The predictive performance of the six ML models is comprehensively detailed in Figure 2. Comparative analysis revealed distinct generalization patterns across these algorithms. While Logistic Regression and the Multi-Layer Perceptron (MLP) provided baseline predictive capabilities, the tree-based ensemble models—Random Forest, Light Gradient Boosting Machine (LightGBM), and XGBoost—exhibited pronounced overfitting, characterized by excellent discrimination in the training set followed by a substantial decline in test set performance. Conversely, the SVM demonstrated the most stable and robust generalization. In the training set, the SVM yielded an AUROC of 0.819 (95% CI: 0.793–0.844), with 74.42% accuracy (95% CI: 71.60–76.92), 75.56% sensitivity (95% CI: 71.70–79.12), 74.18% precision (95% CI: 70.17–77.66), 73.26% specificity (95% CI: 69.08–76.80), and 74.86% F1 score. Maintaining this robust performance in the independent test set, the SVM achieved the highest AUROC of 0.719 (95% CI: 0.670–0.760), 68.63% accuracy (95% CI: 64.16–72.85), 64.20% sensitivity (95% CI: 66.58–78.58), 66.53% precision (95% CI: 60.13–72.26), 64.96% specificity (95% CI: 58.03–70.65), and 69.36% F1 score. Although the 95% confidence intervals across the evaluated models largely overlapped (indicating that the differences in their numerical AUROCs were not strictly statistically significant), the SVM was definitively selected as the optimal model due to its superior generalization and resistance to the severe overfitting observed in the tree-based models. Overall, these findings indicate that the SVM framework provides the most reliable predictive capacity among all tested algorithms.
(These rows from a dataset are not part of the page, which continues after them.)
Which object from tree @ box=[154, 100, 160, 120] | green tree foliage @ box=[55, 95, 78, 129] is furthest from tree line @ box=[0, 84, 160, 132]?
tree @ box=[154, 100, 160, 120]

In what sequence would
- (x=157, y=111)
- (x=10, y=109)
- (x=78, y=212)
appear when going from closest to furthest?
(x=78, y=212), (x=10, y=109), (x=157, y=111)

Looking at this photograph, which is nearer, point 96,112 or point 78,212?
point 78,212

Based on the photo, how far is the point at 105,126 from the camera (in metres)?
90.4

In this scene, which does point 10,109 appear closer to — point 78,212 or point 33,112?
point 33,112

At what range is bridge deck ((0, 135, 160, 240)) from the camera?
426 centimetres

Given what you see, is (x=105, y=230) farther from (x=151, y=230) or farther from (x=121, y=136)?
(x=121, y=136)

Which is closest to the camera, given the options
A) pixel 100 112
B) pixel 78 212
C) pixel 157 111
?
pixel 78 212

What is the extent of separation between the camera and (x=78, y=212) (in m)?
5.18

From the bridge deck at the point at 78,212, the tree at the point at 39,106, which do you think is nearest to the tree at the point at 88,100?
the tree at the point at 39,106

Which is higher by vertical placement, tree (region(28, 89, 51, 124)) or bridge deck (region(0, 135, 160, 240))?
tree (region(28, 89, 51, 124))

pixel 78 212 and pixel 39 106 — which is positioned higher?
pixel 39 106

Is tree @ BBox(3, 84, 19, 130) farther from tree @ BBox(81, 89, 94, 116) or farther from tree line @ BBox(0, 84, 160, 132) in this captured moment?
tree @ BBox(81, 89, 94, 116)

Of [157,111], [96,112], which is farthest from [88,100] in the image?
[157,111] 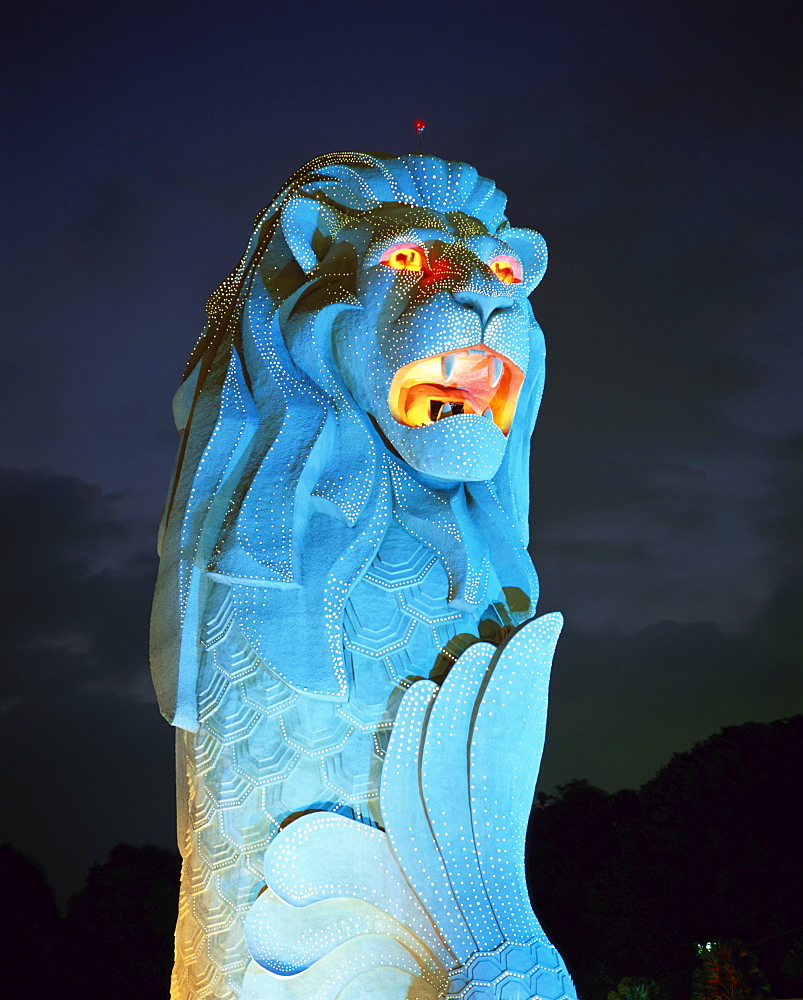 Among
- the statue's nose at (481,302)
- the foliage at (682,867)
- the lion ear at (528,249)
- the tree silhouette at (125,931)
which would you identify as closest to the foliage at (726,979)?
the foliage at (682,867)

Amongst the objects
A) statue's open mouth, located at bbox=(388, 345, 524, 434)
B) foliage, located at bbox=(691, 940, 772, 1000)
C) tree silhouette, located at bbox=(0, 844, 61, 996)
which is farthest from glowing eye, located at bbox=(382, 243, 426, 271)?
tree silhouette, located at bbox=(0, 844, 61, 996)

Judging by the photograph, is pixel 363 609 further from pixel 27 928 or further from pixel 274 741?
pixel 27 928

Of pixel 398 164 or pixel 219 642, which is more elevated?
pixel 398 164

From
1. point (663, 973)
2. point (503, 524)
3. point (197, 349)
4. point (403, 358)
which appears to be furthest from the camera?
point (663, 973)

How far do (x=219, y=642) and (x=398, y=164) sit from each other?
7.11 feet

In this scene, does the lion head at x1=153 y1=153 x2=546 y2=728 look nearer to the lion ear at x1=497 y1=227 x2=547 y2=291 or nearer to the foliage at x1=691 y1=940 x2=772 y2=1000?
the lion ear at x1=497 y1=227 x2=547 y2=291

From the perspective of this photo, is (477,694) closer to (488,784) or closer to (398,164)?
(488,784)

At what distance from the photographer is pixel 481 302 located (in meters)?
4.34

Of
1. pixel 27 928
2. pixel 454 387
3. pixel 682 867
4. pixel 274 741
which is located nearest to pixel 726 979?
pixel 682 867

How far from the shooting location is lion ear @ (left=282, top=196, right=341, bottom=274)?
4.75 m

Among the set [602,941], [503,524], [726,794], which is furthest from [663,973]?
[503,524]

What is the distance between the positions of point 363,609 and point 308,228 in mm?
1667

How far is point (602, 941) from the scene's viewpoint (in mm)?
16938

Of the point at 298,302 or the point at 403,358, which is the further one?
the point at 298,302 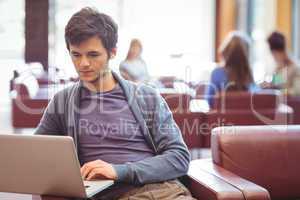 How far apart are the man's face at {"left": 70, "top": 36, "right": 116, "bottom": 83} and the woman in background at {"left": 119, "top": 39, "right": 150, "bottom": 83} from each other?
13.7 feet

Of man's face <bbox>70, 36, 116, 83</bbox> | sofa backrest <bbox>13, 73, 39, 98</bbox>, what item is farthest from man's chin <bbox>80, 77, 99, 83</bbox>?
sofa backrest <bbox>13, 73, 39, 98</bbox>

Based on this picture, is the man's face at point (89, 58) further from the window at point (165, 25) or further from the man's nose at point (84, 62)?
the window at point (165, 25)

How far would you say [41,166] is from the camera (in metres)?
1.79

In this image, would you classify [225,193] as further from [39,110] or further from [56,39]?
[56,39]

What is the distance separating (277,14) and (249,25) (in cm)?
133

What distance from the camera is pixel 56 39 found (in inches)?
400

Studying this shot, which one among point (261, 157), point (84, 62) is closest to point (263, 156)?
point (261, 157)

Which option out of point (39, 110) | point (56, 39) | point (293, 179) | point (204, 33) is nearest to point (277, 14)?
point (204, 33)

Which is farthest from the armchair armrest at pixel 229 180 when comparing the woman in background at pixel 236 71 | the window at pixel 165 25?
the window at pixel 165 25

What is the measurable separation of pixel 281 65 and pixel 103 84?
3599mm

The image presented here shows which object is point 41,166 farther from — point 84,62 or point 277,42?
point 277,42

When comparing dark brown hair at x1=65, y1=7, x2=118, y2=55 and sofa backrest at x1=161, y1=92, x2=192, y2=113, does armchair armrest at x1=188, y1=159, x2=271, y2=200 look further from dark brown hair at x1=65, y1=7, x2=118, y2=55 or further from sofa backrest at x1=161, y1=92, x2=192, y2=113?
sofa backrest at x1=161, y1=92, x2=192, y2=113

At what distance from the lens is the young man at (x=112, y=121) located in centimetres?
213

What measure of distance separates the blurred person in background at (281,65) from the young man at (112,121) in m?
3.42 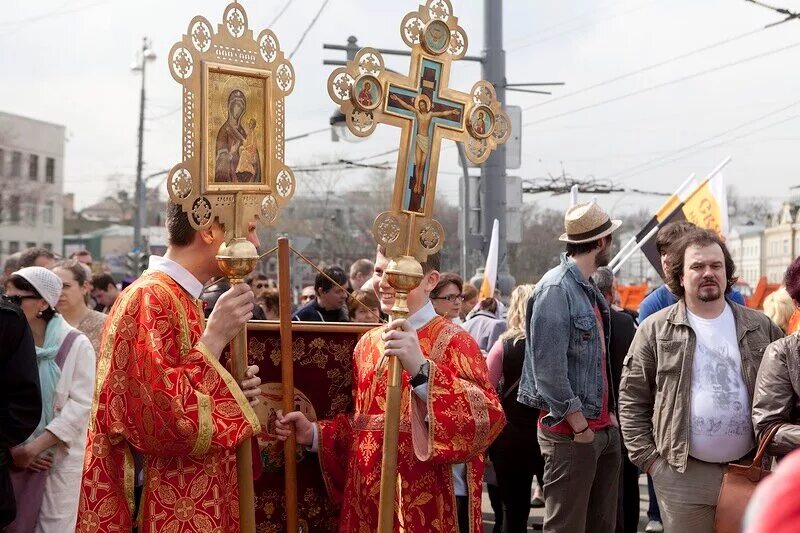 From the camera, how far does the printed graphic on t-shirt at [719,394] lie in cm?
480

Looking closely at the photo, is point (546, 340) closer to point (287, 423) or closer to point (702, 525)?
point (702, 525)

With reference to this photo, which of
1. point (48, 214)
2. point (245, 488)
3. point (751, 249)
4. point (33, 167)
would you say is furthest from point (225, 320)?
point (751, 249)

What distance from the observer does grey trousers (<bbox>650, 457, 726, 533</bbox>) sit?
482 cm

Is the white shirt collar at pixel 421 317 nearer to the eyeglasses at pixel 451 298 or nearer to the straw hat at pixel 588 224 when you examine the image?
the straw hat at pixel 588 224

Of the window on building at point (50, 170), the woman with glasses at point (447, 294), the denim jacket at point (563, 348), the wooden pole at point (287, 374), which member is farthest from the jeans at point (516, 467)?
the window on building at point (50, 170)

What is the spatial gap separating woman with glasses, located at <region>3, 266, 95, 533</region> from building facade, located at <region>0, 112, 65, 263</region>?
4266 centimetres

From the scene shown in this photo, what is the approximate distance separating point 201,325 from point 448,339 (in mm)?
939

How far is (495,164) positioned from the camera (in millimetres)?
13703

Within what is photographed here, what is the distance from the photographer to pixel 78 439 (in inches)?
221

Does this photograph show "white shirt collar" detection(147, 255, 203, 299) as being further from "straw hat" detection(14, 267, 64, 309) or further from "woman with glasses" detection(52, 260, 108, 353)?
"woman with glasses" detection(52, 260, 108, 353)

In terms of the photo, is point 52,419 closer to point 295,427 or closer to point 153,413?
point 295,427

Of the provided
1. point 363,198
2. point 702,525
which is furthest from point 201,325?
point 363,198

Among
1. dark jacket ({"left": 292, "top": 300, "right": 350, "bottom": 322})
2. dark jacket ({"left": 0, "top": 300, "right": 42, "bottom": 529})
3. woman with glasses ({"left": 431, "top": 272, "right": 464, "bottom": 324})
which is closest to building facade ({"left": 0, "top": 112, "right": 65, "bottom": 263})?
dark jacket ({"left": 292, "top": 300, "right": 350, "bottom": 322})

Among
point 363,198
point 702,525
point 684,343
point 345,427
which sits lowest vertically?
point 702,525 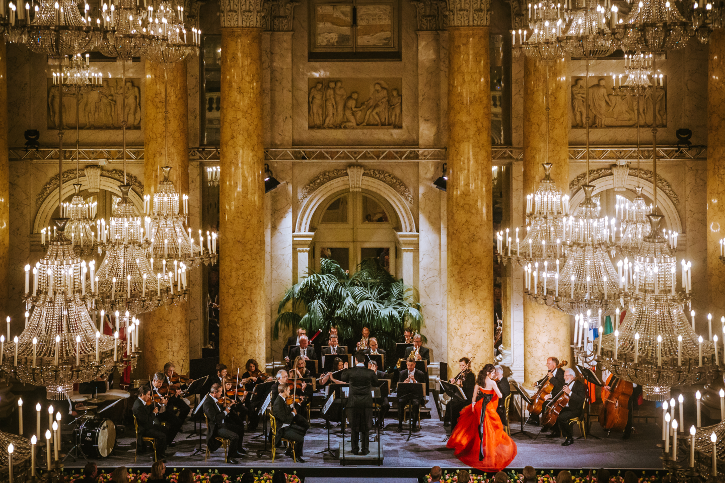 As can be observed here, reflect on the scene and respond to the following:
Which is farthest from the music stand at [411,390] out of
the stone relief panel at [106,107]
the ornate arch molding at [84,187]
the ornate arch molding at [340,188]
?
the stone relief panel at [106,107]

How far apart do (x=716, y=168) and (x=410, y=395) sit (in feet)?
23.7

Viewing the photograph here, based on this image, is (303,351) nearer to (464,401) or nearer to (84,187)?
(464,401)

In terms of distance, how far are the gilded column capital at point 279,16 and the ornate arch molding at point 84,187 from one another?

Figure 2 The performance and comparison of six different predictive models. (A) ROC curves generated from the training set; (B) ROC curves generated using the test set; (C) Calibration curve for the training set; (D) Calibration curve for the test set; (E) DCA curve for the training set; (F) DCA curve for the test set.

Model Interpretation

Figure 3A shows the SHAP values of the predictive variables for cardiovascular event risk of COPD using the SVM model. The horizontal value is the effect of features on the model output, whereas the vertical value orders the predictive variables according to their significance. The color gradient represents different levels of feature values: high values of feature values are red and low values of feature values are blue. Body weight changes (red dots) tended to have positive SHAP values, suggesting that weight gain may be associated with increased cardiovascular event risk. The SRH, hypertension history (hibpe), and vision status (eyesight) also tended to have positive SHAP values. Note the dual nature of hypertension history: hypertension (red dots) tends to show positive SHAP values (higher cardiovascular risk) and hypertension (blue dots) tends to be low risk. Gender, dyslipidemia and disability status (disability) tend to have less influence on model predictions but are clinically relevant. The SHAP values were clustered and showed a more predictable impact on cardiovascular risk. Figure 3B lists the model variables by importance. Body weight, SRH, hypertension history (hibpe), and vision status (eyesight) were the top four predictors.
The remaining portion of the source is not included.